Now the Trade Centre is a smallish shrub in a forest of skyscrapers, most of them much taller, that has sprung up to accompany the traveller all the way to Jumeirah, 20 kilometers to the south.
Dubai is still run by the man who was effectively in charge when I worked there, and despite Emirate’s immense achievements, the ambition has not dimmed. The World Government Summit held there this week was a bold statement to the world: Dubai is looking to the future; it is visionary and optimistic.
In particular, Dubai is looking forward to the opportunities presented by our most powerful technology: artificial intelligence. It has appointed the world’s first Minister for AI, and in the Summit’s opening address, the Minister for Cabinet Affairs spoke knowledgeably about many of the opportunities and challenges that AI presents.
No country is perfect, and Dubai is not without its problems, both of reality and of image. This isn’t an article about those, but one thing that struck me was that the ratio of men to women was far more equal among the local delegates than among the foreign contingent.
Dubai’s optimism is sailing into headwinds. The wealthy Russians who used to spend freely in the emirate’s luxury malls have had their wings clipped by Western sanctions against Putin’s aggressive kleptocracy. The wealthy Saudis are similarly chastened by the revolution taking place the other side of the Liwa desert, and the rift with Qatar does not help. Local businesses are chafing under new restrictions and fees that all this is causing.
No-one knows whether these will prove temporary setbacks, or whether they will cause lasting damage. For now at least, But Dubai is looking confidently towards the future.
Landing back in the UK, the comparison is stark.
The metropolitan elite of Murdoch, Dacre, Farrage, Banks, Johnson, Rees-Mogg, Redwood, Hannan, Jenkin, and the rest have a vision of the UK as a buccaneering, free-trading nation, cutting deals with the rising powers of China and India as well as the existing superpower. Their claim that these are the fastest-growing countries in the world is obviously true, but it is far from obvious that Britain will be able to cut favourable deals with these thrusting new economies if it weakens itself by flouncing out of the powerful trading bloc in which it enjoyed such a privileged position, and churlishly insulting its former colleagues in the process. (Thanks for that, Mr Farrage.)
In any case, the metropolitan Brexiteer elite didn’t win the 2016 referendum with this vision.
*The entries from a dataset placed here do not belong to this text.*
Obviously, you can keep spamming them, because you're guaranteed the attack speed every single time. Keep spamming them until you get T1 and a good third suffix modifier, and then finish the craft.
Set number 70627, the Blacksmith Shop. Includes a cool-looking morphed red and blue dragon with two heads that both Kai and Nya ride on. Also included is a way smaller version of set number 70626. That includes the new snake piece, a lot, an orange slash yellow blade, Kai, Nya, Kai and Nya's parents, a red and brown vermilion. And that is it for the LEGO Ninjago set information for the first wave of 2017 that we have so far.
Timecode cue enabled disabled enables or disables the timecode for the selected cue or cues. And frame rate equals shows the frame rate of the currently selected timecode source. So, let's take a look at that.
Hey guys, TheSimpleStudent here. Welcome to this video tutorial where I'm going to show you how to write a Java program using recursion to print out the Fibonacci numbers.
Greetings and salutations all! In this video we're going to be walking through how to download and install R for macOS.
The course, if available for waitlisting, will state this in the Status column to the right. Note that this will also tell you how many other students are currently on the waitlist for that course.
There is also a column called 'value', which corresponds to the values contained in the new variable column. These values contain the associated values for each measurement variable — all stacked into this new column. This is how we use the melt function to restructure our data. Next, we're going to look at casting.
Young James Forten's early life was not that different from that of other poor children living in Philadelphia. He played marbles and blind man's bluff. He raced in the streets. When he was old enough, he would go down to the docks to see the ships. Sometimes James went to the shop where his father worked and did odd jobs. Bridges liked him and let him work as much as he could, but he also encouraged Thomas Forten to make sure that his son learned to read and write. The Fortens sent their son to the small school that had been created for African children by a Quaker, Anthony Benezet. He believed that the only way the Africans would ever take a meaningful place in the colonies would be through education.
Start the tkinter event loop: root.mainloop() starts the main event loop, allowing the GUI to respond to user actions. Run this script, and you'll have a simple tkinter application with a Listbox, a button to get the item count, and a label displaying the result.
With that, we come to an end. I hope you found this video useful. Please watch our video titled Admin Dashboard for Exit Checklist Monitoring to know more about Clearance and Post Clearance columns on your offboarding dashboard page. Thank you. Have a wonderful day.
They knew that a population which feels wounded by globalism would not vote for the laissez-faire, low-tax, small-state Britain which would enrich the elite. Instead they appealed to our most backward-looking, resentful instincts, to our fear of the immigrant, our fear of the foreigner; they promised we could “take back control”, and head back in time to a halcyon bygone era.
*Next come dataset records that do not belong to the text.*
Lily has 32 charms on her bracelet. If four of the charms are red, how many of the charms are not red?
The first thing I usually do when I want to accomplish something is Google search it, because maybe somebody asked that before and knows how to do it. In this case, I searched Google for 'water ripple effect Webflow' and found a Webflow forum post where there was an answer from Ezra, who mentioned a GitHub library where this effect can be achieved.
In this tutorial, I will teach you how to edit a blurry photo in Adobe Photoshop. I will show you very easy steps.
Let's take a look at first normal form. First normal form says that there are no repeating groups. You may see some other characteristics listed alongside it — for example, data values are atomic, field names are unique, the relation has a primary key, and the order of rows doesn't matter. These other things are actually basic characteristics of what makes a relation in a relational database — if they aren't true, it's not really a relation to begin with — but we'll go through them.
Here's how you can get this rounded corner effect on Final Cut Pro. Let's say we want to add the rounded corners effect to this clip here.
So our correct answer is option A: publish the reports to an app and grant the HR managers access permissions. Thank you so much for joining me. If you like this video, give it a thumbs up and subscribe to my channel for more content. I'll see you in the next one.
Swallowed whole by Brexit, the UK government is largely ignoring the AI-fuelled future which is bearing down on us. When they do mention it, they talk blithely about the UK being a leader in the field, not least because we are home to DeepMind (ignoring its US ownership). Most of our politicians* seem genuinely unaware that AI is currently a two-horse race between the US and China, with everyone else jostling for a distant third place.
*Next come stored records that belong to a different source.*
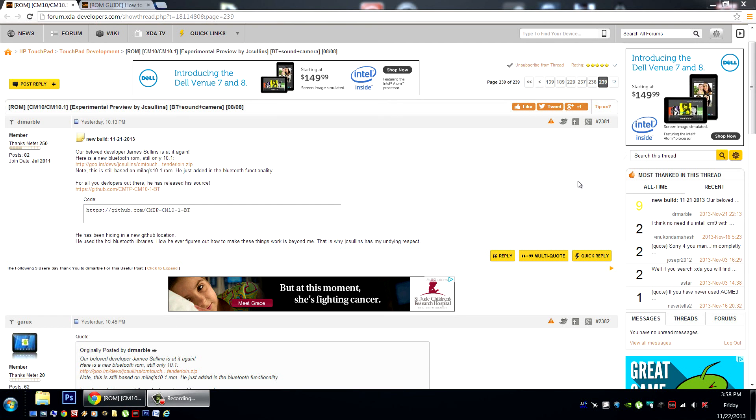Hello HP Touchpad users, breaking news! The talented developer James Sullins, aka JC Sullins in the forums, is back again. This time with the all-encompassing Bluetooth fix everyone has been waiting for. You can check it out here in the XDA Developers Forum.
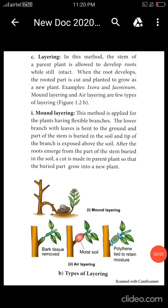Good evening students. Today we are going to cover the conventional method of reproduction. In conventional method of reproduction, there are three types: cutting, grafting, and layering. We have already discussed cutting and grafting. Now we are going to the layering method.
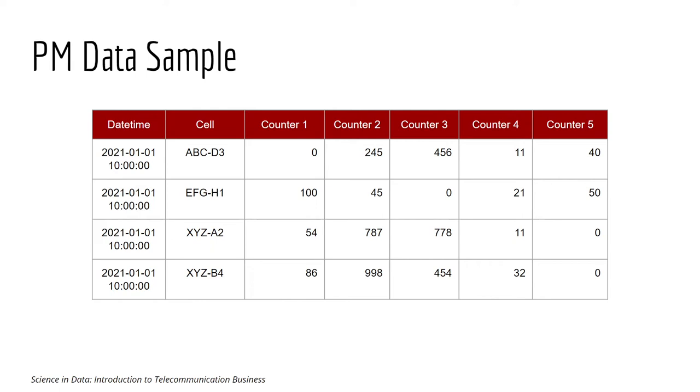So you kind of know the meaning of the data, and from there you can compute some relevant network KPI to show the quality of a cell.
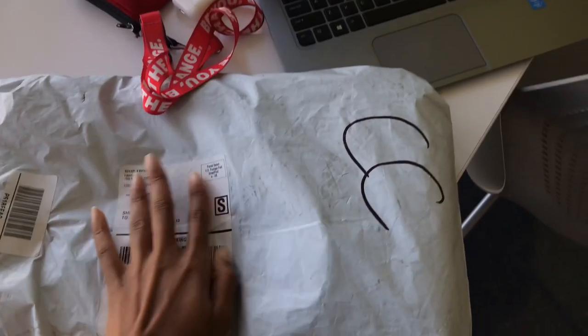I just received an email that I have a package to pick up downstairs, so...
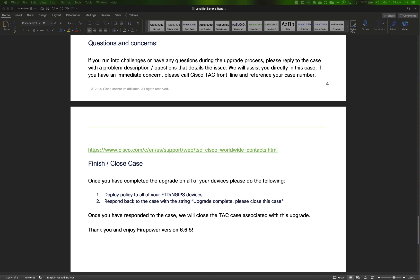There is some additional information at the end of the document covering what you should do if you encounter an issue during your upgrade. If you encounter issues, your case can be transferred to a TAC engineer who can assist in resolving those issues. And lastly, there is a section covering how you can inform us that the upgrade has been completed successfully, after which we can proceed with closing out the placeholder case — marking the end of your journey through the Level Up program.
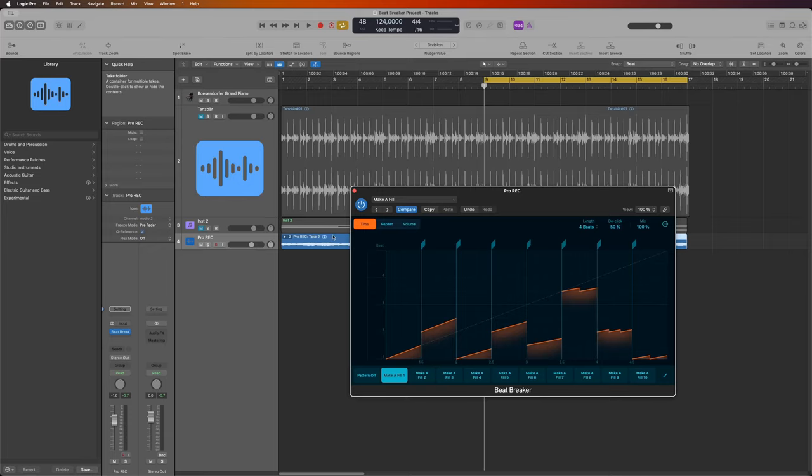A couple of days ago, Apple released its latest update to Logic Pro 10.8. It includes the new Beat Breaker, which is a great tool. I'm Zemodi and I checked it out for you.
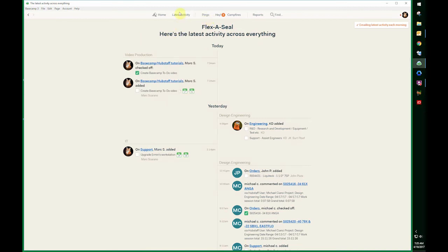Also, if you go to latest activity, you can see where I created the to-do and also where I completed it.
In particular, our political leaders are mostly either ignorant of the possibility of technological unemployment, or dismissive of it, eagerly lapping up the bromides of tech giant CEOs, who mumble soothingly that automation will not cause unemployment in the future because it didn’t in the past.
Britain sparked the industrial revolution, but its leadership appears largely clueless about the information revolution. Instead it is tiny Dubai, part of a country founded as recently as 1971, which faces forward to the information revolution, and seems eager to grasp the opportunities afforded by AI, and tackle its challenges.
* The All-Party Group on AI strives valiantly to cast light into the darkness, but attendance by parliamentarians is thin. [Disclosure: I’m one of its many advisers.]